* [Source data]
────────

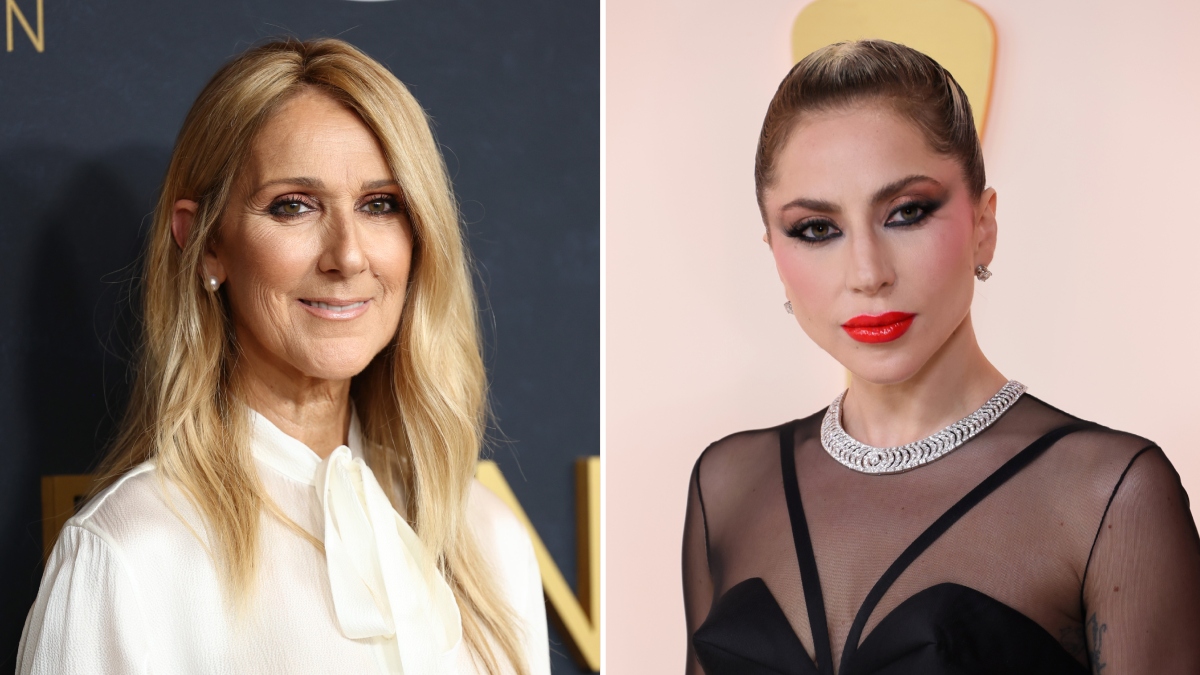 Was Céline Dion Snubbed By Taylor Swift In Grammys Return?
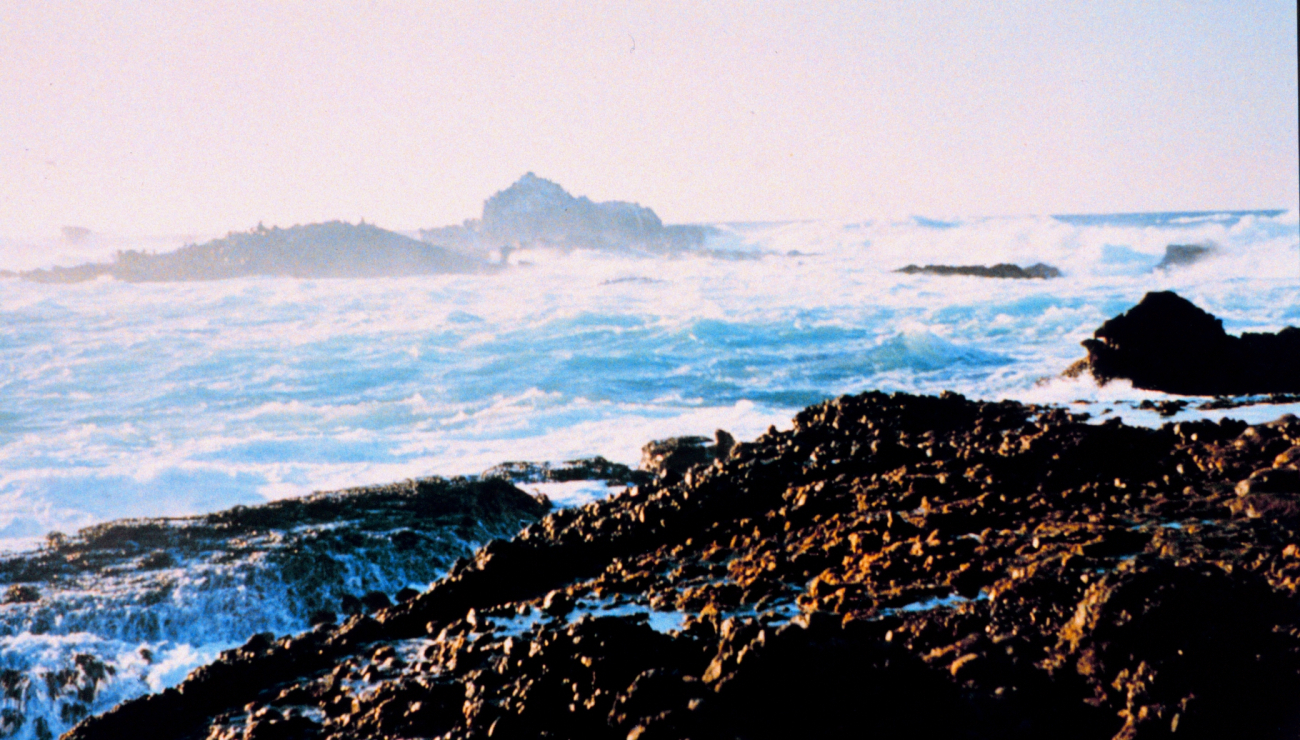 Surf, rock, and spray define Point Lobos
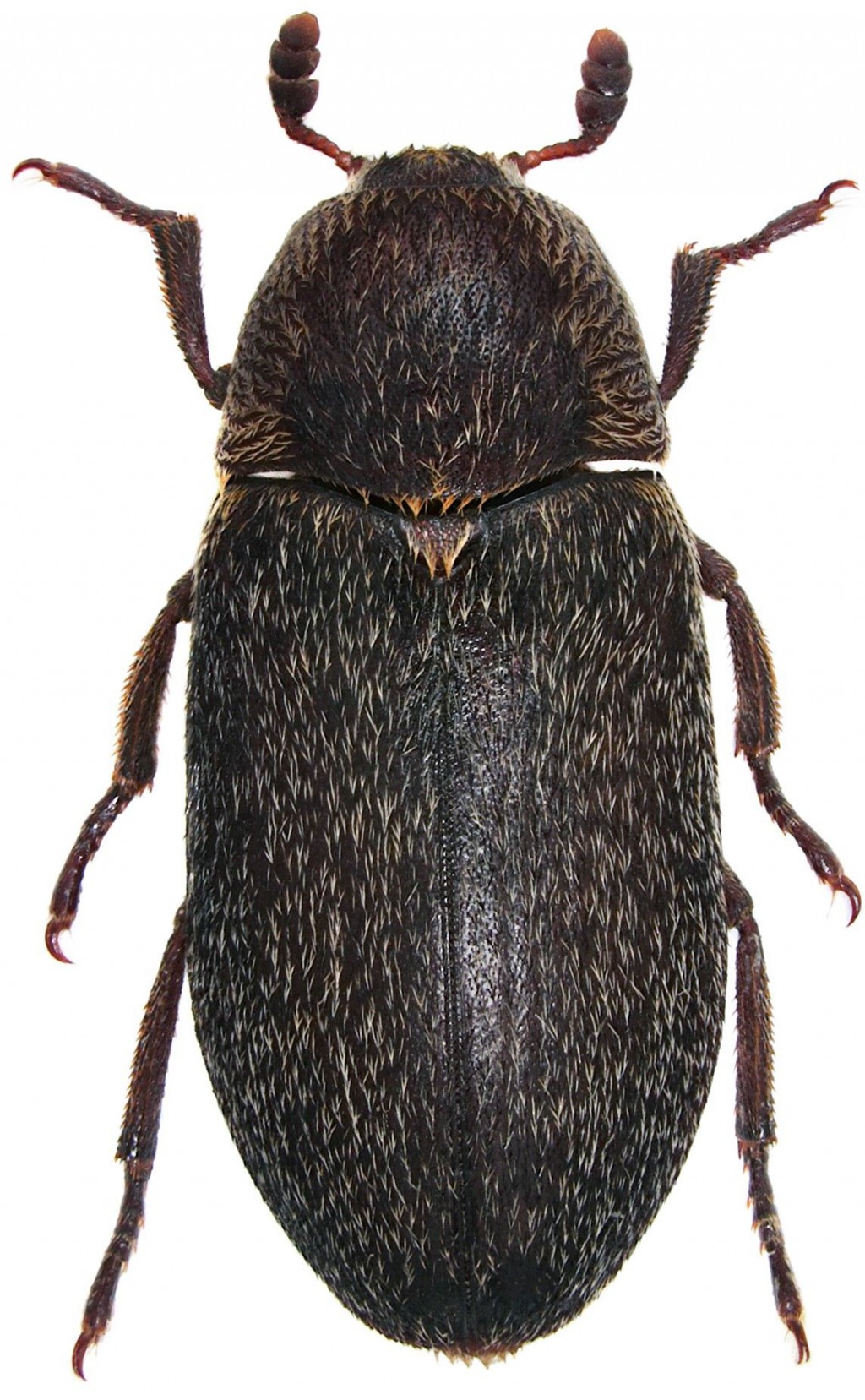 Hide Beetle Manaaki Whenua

────────

* [Goal of the exercise]
Return each line above word for word. Skip the pictures.

* [Written response]
 Was Céline Dion Snubbed By Taylor Swift In Grammys Return?
 Surf, rock, and spray define Point Lobos
 Hide Beetle Manaaki Whenua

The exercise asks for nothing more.